Expression patterns of cytokine, growth factor and cell cycle-related genes after partial hepatectomy in rats with thioacetamide-induced cirrhosis

Figure 1 Hepatic A: TNF-α and B: IL-6 concentrations after PH on healthy rats (white bars) and cirrhotic rats (black bars). At different time points after the operation, the remnant liver was harvested, homogenized and the supernatant was used for analysis. For each time point, the supernatant from 6 animals was pooled and used for ELISA analysis. All analyses were carried out in triplicates and the results are expressed as mean + SD. ^cP < 0.05, ANOVA analysis, for comparison between control rats before (at 0 h) and after PH. ^aP < 0.05, ANOVA analysis, for comparison between the cirrhotic group and the corresponding control group at each time point.

Figure 2 Hepatic A: HGF, B: TGF-α and C: 28S rRNA expressions after PH on healthy rats (white bars) and cirrhotic rats (black bars). At different time points after the operation, the remnant liver was harvested, and RNA was extracted. For each time point, the RNA from 6 animals was pooled and used for reverse-transcription followed by PCR. The PCR product was separated by agarose-gel electrophoresis and visualized by ethidium-bromide staining. The gel image was captured and the bands were quantified using the Analytical Imaging Station software. All analyses were carried out in triplicates. A representative gel (C, control, healthy rats; E, cirrhotic rats; the number indicates the time post-PH in h) and the quantification analysis expressed as mean + SE (AU = arbitrary units) are shown. ^cP<0.05, ANOVA analysis, for comparison between control rats before (at 0 h) and after PH. ^aP < 0.05, ANOVA analysis, for comparison between the cirrhotic group and the corresponding control group at each time point.

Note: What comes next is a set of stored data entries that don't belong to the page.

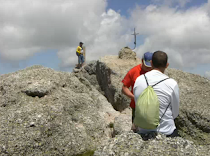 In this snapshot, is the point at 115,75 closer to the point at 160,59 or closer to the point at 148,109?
the point at 160,59

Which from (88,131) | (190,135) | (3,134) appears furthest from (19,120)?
(190,135)

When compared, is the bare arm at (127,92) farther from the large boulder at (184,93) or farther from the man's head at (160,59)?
the large boulder at (184,93)

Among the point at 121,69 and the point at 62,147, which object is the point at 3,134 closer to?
the point at 62,147

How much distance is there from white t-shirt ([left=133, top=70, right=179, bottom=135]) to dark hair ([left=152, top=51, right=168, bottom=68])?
16 centimetres

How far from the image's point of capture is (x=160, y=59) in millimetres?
4539

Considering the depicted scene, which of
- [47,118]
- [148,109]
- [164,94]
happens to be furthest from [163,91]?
[47,118]

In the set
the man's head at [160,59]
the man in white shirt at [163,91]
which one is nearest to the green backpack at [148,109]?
the man in white shirt at [163,91]

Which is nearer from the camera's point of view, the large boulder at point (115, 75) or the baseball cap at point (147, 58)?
the baseball cap at point (147, 58)

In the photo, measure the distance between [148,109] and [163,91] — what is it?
20.9 inches

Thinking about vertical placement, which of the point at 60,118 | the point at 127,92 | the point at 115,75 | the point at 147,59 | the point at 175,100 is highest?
the point at 147,59

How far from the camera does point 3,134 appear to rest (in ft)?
27.5

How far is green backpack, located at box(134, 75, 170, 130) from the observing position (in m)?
4.14

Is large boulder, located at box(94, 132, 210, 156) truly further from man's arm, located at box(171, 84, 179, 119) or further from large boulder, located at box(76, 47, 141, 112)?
large boulder, located at box(76, 47, 141, 112)

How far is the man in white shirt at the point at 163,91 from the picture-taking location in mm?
4375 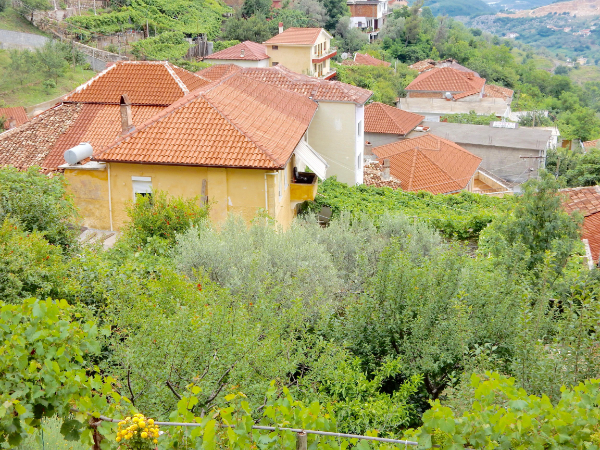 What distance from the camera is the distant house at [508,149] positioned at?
39.2 meters

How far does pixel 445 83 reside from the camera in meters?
58.2

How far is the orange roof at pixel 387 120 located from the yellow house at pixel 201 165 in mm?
26029

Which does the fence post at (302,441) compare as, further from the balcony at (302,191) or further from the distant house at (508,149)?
the distant house at (508,149)

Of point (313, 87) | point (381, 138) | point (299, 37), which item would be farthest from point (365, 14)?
point (313, 87)

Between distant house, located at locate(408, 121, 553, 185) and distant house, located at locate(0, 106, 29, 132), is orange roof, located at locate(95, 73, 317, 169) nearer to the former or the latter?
distant house, located at locate(0, 106, 29, 132)

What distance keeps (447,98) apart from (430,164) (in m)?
27.0

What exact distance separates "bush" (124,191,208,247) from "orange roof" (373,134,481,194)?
18077 mm

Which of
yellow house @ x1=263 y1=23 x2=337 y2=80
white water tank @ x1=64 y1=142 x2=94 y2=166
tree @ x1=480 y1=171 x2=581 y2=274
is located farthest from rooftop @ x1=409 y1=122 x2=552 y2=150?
white water tank @ x1=64 y1=142 x2=94 y2=166

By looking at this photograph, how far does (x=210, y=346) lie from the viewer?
7258 millimetres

Figure 3 Effect of PH on cyclin expressions in healthy rats (white bars) and cirrhotic rats (black bars). At different time points after the operation, the remnant liver was harvested, homogenized and the supernatant was used for analysis. For each time point, the supernatant from 6 animals was pooled and used for Western blot analysis. The blot image was captured and the bands were quantified using the Analytical Imaging Station software. All analyses were carried out in triplicates. A representative blot (C, control, healthy rats; E, cirrhotic rats; the number indicates the time post-PH in h) and the quantification analysis expressed as mean+SE (AU = arbitrary units) are shown. A: Cyclin D1 expression. B: Cyclin D3 expression. C: Cyclin E expression. D: Cyclin A expression. ^cP < 0.05, ANOVA analysis, for comparison between control rats before (at 0 h) and after PH. ^aP < 0.05, ANOVA analysis, for comparison between the cirrhotic group and the corresponding control group at each time point.

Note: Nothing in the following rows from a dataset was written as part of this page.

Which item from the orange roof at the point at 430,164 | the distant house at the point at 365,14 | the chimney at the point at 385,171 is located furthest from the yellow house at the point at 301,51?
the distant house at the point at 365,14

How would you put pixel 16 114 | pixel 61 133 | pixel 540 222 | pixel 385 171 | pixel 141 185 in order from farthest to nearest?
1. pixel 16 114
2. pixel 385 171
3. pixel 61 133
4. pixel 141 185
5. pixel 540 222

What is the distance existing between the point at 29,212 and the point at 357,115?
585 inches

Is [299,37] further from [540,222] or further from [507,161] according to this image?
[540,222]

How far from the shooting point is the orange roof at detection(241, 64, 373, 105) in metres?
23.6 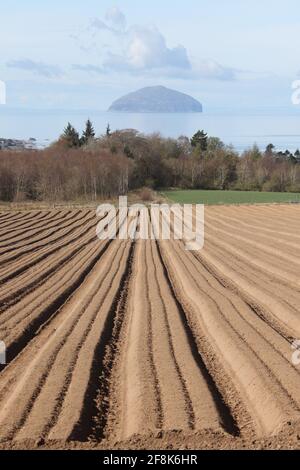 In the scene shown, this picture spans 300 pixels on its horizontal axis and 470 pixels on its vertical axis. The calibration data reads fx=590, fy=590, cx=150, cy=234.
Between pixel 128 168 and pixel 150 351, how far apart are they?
49659 millimetres

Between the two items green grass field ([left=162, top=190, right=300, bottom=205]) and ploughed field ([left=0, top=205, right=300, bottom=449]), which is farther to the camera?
green grass field ([left=162, top=190, right=300, bottom=205])

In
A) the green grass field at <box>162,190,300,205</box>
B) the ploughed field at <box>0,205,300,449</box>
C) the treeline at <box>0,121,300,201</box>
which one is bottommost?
the ploughed field at <box>0,205,300,449</box>

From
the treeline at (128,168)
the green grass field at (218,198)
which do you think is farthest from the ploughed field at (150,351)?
the treeline at (128,168)

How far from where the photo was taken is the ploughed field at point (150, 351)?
5984 millimetres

Figure 4 Effect of PH on cyclin-dependent kinase expressions in healthy rats (white bars) and cirrhotic rats (black bars). At different time points after the operation, the remnant liver was harvested, homogenized and the supernatant was used for analysis. For each time point, the supernatant from 6 animals was pooled and used for Western blot analysis. The blot image was captured and the bands were quantified using the Analytical Imaging Station software. All analyses were carried out in triplicates. A representative blot (C, control, healthy rats; E, cirrhotic rats; the number indicates the time post-PH in h) and the quantification analysis expressed as mean+SE (AU = arbitrary units) are shown. A: Expression of cdk4. B: Expression of cdk2. ^cP < 0.05, ANOVA analysis, for comparison between control rats before (at 0 h) and after PH. ^aP < 0.05, ANOVA analysis, for comparison between the cirrhotic group and the corresponding control group at each time point.

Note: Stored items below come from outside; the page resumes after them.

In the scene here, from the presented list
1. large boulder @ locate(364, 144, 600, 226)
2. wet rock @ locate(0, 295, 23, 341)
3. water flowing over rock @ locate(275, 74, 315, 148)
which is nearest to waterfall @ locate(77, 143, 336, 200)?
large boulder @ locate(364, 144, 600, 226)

Figure 5 Hepatic A: p21, B: p27 and C: p53 expressions after PH on healthy rats (white bars) and cirrhotic rats (black bars). At different time points after the operation, the remnant liver was harvested, and RNA was extracted. For each time point, the RNA from 6 animals was pooled and used for reverse-transcription followed by PCR. The PCR product was separated by agarose-gel electrophoresis and visualized by ethidium-bromide staining. The gel image was captured and the bands were quantified using the Analytical Imaging Station software. All analyses were carried out in triplicates. A representative gel (C, control, healthy rats; E, cirrhotic rats; the number indicates the time post-PH in h) and the quantification analysis expressed as mean + SE (AU = arbitrary units) are shown. ^cP< 0.05, ANOVA analysis, for comparison between control rats before (at 0 h) and after PH. ^aP < 0.05, ANOVA analysis, for comparison between the cirrhotic group and the corresponding control group at each time point.